| 21 April 2024, Sunday |

Bank of England’s Bailey: We will see if markets are right on rates

Governor of the Bank of England (BoE), Andrew Bailey, stated that it is still unclear whether financial markets are accurate in predicting how much higher interest rates will need to be for the British central bank and how long it will be before the first rate cuts are implemented.

The BoE is expected to raise rates from their current level of 5% to 6.25% by the end of this year, which would be their highest level since 1999, according to financial markets.

“The market, I don’t think, thinks we’re nearly done at the moment. They’ve got a number of further increases priced in for us. My response to that would be: ‘Well, we’ll see,'” Bailey told an annual European Central Bank conference in Sintra, Portugal, on Wednesday.

Bailey drew a distinction between how high rates would go, and how long they would need to stay at their peak.

“I’ve always been interested that the market thinks the peak will be quite short-lived, in a world where we’re dealing with more persistent inflation,” Bailey said.

Some investors and economists think rate cuts could start in May next year if the economy falters.

The BoE rarely comments directly on financial markets’ interest rate expectations, although they feed into its forecasts of growth and inflation.

The last time Bailey commented, in November 2022 when the BoE had just raised interest rates to 3% following weeks of turmoil after then prime minister Liz Truss’s fiscal announcements, he said he did not expect rates to reach the 5.25% level which markets expected.

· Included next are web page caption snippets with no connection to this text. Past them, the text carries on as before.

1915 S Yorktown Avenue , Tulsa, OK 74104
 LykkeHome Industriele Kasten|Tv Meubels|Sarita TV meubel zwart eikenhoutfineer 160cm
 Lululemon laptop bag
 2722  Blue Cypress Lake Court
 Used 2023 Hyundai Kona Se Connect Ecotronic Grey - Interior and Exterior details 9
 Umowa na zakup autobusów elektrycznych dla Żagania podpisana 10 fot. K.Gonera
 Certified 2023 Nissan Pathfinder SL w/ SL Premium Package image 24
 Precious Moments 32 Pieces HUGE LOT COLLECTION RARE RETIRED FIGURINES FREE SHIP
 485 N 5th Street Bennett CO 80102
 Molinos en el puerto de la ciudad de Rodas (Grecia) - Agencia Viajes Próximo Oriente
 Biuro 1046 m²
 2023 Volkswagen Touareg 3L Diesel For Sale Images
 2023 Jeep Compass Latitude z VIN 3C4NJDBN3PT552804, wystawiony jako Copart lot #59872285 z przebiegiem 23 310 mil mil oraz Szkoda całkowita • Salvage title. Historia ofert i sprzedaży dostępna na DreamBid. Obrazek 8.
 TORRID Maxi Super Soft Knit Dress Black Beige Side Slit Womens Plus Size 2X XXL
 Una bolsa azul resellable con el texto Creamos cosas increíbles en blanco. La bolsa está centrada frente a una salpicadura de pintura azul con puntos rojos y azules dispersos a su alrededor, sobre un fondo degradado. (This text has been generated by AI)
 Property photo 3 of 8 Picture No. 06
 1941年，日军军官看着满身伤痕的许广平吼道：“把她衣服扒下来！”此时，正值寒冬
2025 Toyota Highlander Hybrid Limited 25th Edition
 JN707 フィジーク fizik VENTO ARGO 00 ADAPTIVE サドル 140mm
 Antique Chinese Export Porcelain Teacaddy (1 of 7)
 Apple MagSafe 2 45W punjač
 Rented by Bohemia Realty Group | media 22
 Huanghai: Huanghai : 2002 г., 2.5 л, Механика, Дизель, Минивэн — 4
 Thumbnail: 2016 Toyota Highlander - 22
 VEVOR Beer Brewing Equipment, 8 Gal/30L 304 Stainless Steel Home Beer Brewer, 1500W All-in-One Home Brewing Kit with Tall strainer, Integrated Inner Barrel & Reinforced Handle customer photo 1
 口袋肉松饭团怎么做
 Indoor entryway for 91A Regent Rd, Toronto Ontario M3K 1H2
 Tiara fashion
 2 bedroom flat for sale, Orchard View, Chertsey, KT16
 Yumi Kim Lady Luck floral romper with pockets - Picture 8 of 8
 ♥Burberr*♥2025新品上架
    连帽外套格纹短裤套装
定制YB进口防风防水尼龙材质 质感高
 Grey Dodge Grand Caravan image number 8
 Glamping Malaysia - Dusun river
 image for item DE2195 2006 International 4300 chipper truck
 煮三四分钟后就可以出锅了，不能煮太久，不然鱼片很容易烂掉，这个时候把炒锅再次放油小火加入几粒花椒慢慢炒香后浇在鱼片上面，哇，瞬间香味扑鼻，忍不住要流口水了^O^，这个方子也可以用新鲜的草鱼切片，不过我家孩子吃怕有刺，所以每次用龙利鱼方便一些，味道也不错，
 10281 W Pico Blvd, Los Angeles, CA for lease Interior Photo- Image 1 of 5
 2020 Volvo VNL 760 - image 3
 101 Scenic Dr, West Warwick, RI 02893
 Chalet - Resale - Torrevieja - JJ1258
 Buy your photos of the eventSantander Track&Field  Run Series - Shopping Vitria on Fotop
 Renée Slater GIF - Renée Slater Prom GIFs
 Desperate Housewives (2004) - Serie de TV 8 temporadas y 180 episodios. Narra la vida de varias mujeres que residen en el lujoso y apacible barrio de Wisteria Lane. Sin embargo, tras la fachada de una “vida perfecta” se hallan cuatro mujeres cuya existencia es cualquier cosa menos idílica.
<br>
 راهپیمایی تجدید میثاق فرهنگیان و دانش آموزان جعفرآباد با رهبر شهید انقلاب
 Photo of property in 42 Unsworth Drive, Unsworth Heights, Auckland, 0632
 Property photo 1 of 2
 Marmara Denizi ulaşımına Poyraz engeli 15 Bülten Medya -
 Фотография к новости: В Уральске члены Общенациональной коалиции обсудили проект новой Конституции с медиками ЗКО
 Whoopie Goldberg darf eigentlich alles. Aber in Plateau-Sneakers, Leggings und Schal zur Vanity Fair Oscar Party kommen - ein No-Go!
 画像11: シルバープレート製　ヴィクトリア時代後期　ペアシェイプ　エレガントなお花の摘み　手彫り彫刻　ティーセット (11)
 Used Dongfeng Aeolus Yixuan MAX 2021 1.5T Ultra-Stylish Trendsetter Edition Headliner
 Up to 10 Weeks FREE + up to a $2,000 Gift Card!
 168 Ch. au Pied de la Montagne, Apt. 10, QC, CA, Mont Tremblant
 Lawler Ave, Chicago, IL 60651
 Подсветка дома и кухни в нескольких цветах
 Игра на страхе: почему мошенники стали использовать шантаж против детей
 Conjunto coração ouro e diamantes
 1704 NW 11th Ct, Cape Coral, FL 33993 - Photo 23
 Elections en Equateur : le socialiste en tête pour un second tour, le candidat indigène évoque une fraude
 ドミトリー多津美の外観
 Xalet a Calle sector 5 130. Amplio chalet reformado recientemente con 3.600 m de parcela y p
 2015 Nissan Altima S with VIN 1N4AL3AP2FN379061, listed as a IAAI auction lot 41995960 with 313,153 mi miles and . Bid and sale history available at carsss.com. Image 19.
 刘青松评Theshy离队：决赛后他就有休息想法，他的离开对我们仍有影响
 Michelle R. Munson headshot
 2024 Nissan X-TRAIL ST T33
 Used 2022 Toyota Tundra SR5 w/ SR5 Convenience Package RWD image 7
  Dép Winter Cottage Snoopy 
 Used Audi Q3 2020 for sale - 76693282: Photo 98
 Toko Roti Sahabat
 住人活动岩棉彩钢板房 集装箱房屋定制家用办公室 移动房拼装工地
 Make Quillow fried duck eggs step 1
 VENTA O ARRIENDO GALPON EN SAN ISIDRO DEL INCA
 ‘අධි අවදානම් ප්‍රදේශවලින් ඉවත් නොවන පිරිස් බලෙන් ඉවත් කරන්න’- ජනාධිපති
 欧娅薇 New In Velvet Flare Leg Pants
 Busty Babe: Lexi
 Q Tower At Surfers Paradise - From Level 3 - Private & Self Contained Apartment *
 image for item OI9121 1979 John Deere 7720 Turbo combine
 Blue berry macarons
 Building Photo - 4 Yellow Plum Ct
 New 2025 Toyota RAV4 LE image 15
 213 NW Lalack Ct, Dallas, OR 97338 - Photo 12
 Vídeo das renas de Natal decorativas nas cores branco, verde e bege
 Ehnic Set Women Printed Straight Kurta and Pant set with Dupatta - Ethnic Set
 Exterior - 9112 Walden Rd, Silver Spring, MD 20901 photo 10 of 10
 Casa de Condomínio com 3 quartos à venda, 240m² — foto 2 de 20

Since then, inflation has been slower to fall than the BoE hoped and stuck at 8.7% in May, the highest of any major advanced economy, prompting the BoE to raise rates by half a percentage point last week.

“The cumulative data – both particularly on the labour market and on the inflation release we had, which to us showed clear signs of persistence – caused us to conclude that we had to make really quite a strong move,” he said.

The BoE had given little indication that it was considering a half-point move in the run-up to June’s rate meeting, but Bailey said it was better to raise rates to 5% immediately than make a quarter-point rise and pre-commit to another for August.

Asked for an update to his outlook for inflation and the chance of recession, Bailey said the BoE was about to start work on a quarterly update to its forecasts.

The BoE has come under increasing criticism from politicians for its inability to control inflation and its emphasis on the need for wage restraint, and its own survey shows it has a record degree of unpopularity with the British public.

“At the moment I can understand why there are critics of us,” Bailey said.

“We have a job to do. I am very clear that our job … is to return inflation to target and we will do what is necessary. I understand the concerns that go with that but I am afraid I always have to say that it is a worse outcome if we don’t get inflation back to target.”